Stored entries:
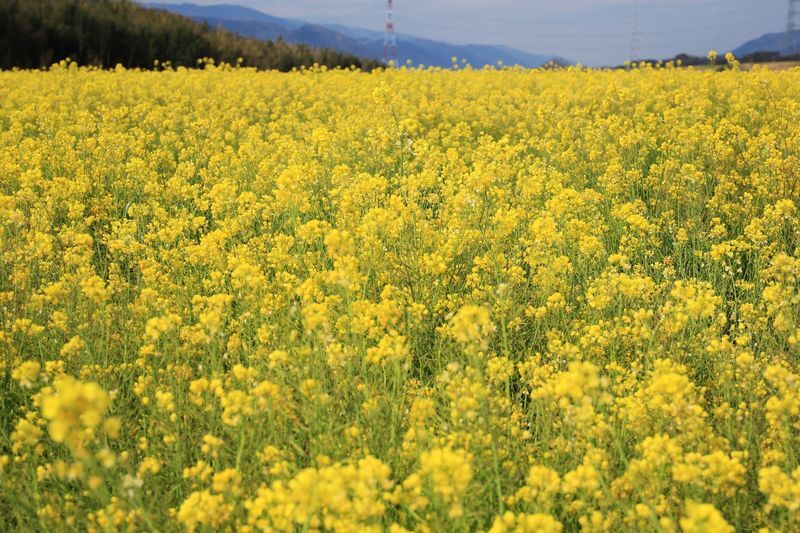 吉野川市菜の花畑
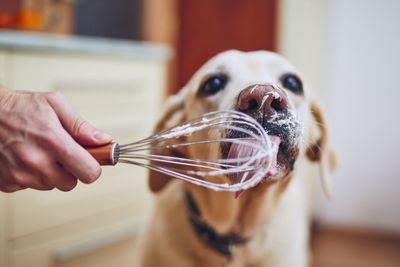 Dog licking wire whisk held by man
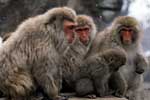 Семья обезьян фото
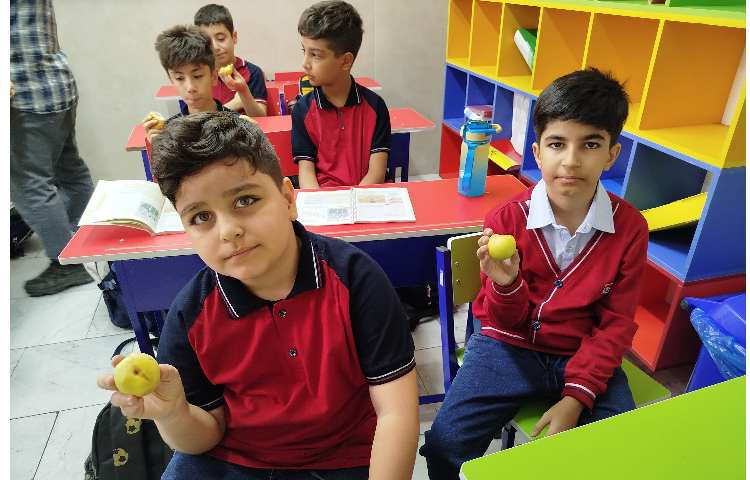 توزیع میانوعده میوه در آخرین روز هفته 17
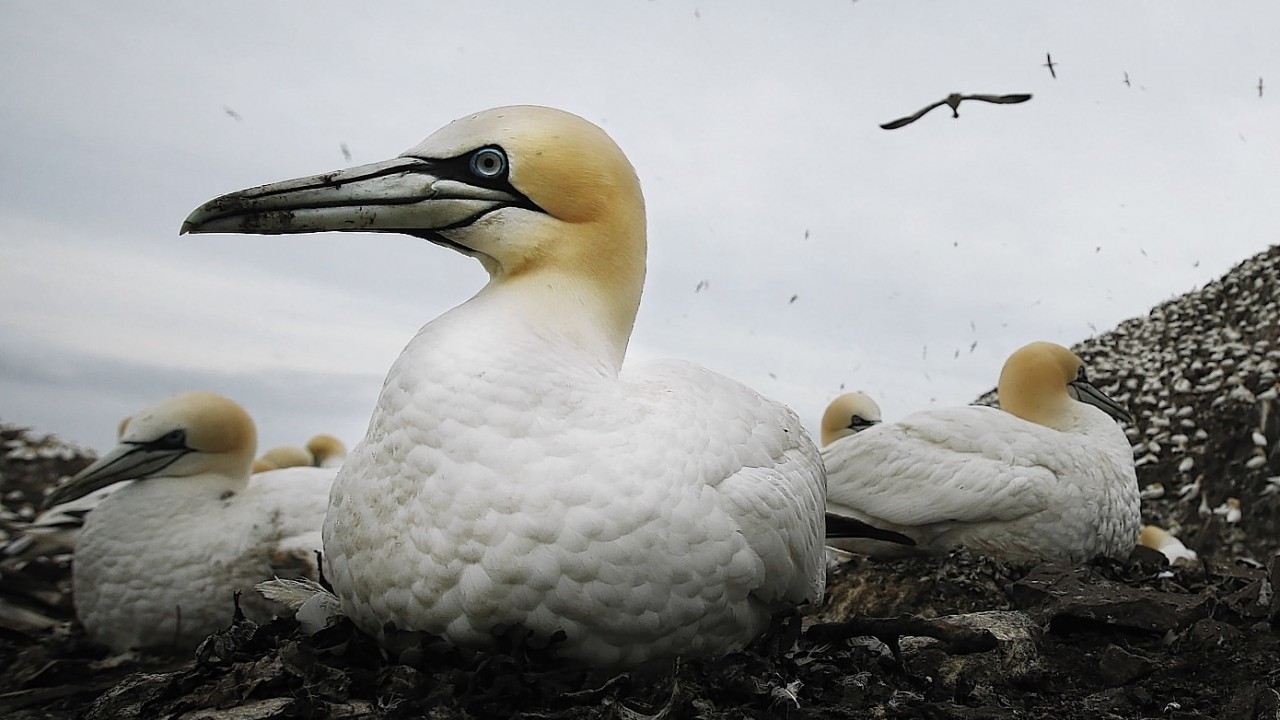 Gannets during the breeding season on  Bass Rock, the largest single island gannet colony in the world, which lies in the Firth of Forth off the coast of Scotland.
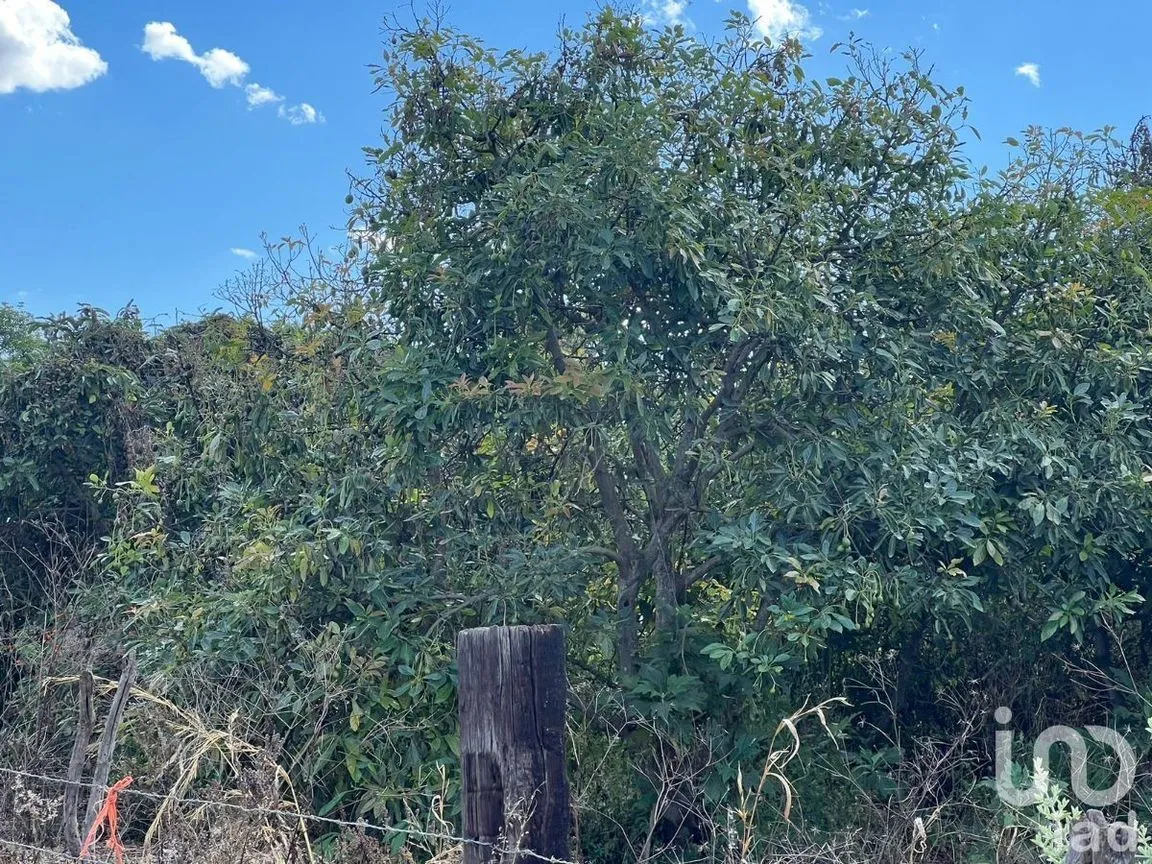 Terreno en Venta en Antonio Escobedo, San Juanito de Escobedo, Jalisco | NEX-227001 | iad México | Foto 11 de 15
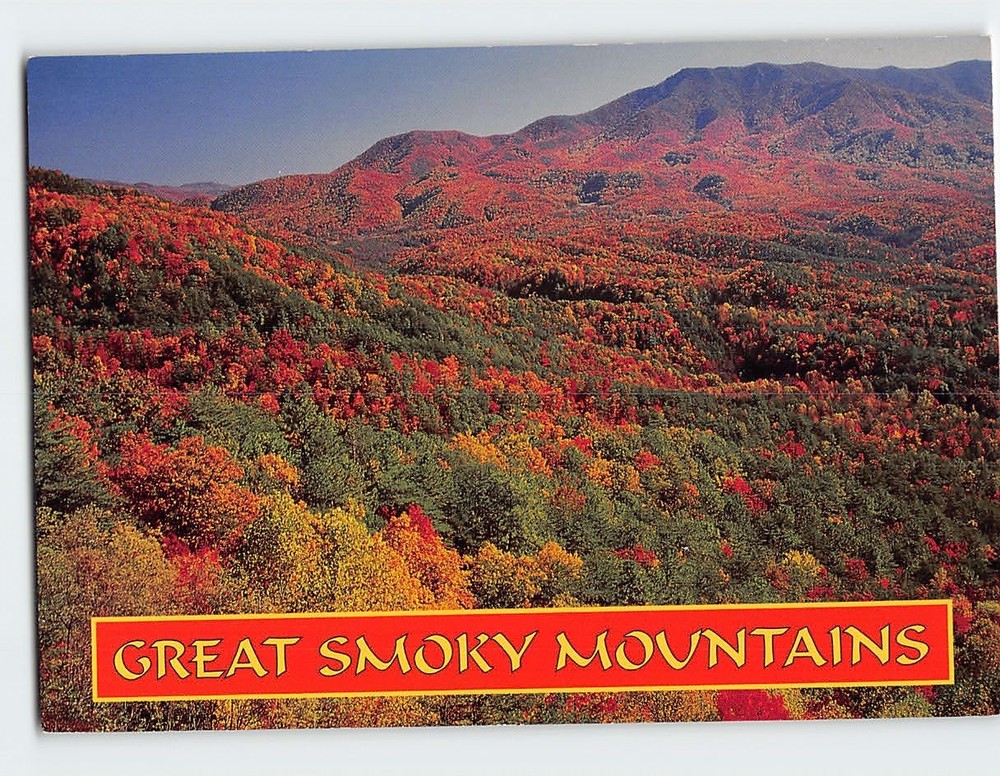 Postcard Scenic View of Great Smoky Mountains National Park USA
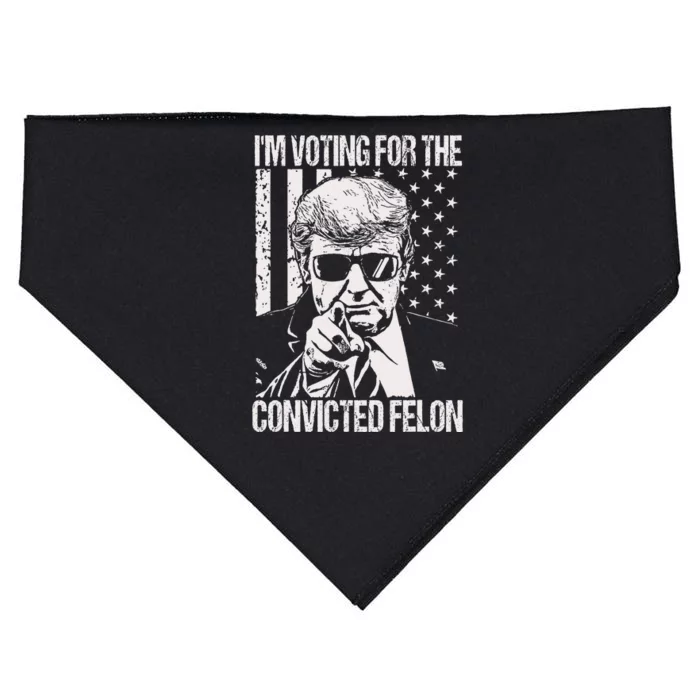 IM Voting For The Convicted Felon USA-Made Doggie Bandana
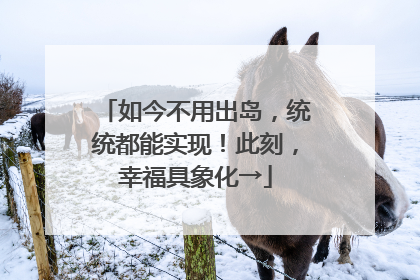 如今不用出岛，统统都能实现！此刻，幸福具象化→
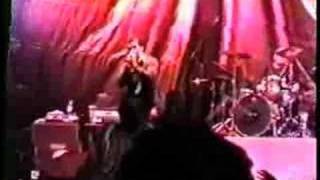 Project 86 - Untitled (Soma/Circuitry demo)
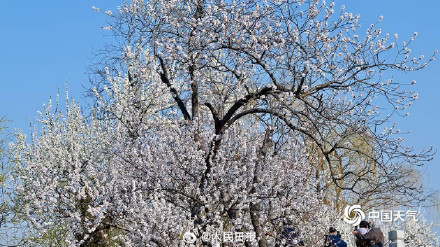 颐和园大写的春和景明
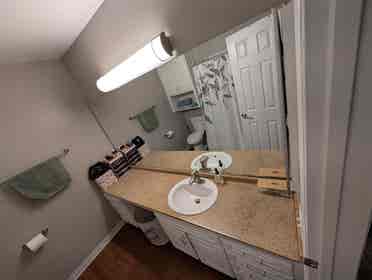 Busco Roomate female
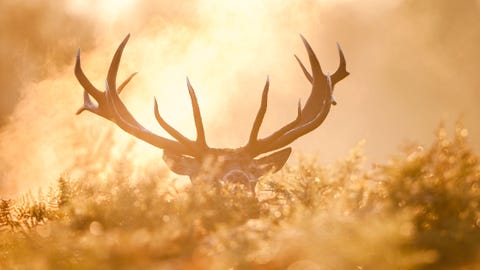 Wisconsin hunter makes possible record-breaking buck discovery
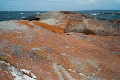 L1012104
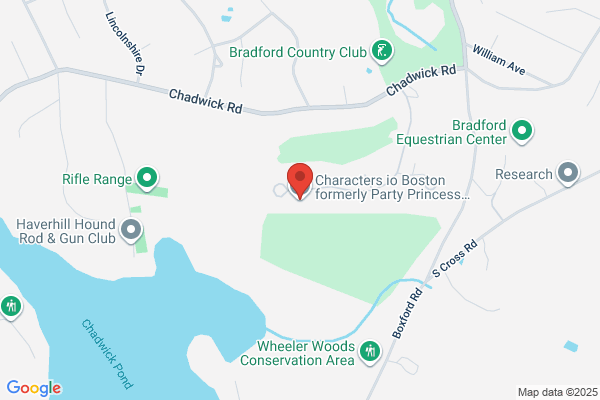 Party Princess Productions Boston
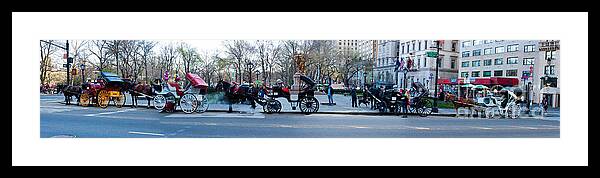Animal Framed Print featuring the photograph Central Park Horse Carriage Station Panorama by Thomas Marchessault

**TASK DESCRIPTION:**
Transcribe all of the data above verbatim but omit every picture.

**OUTPUT FOR THIS EXERCISE:**
 吉野川市菜の花畑
 Dog licking wire whisk held by man
 Семья обезьян фото
 توزیع میانوعده میوه در آخرین روز هفته 17
 Gannets during the breeding season on  Bass Rock, the largest single island gannet colony in the world, which lies in the Firth of Forth off the coast of Scotland.
 Terreno en Venta en Antonio Escobedo, San Juanito de Escobedo, Jalisco | NEX-227001 | iad México | Foto 11 de 15
 Postcard Scenic View of Great Smoky Mountains National Park USA
 IM Voting For The Convicted Felon USA-Made Doggie Bandana
 如今不用出岛，统统都能实现！此刻，幸福具象化→
 Project 86 - Untitled (Soma/Circuitry demo)
 颐和园大写的春和景明
 Busco Roomate female
 Wisconsin hunter makes possible record-breaking buck discovery
 L1012104
 Party Princess Productions Boston
Animal Framed Print featuring the photograph Central Park Horse Carriage Station Panorama by Thomas Marchessault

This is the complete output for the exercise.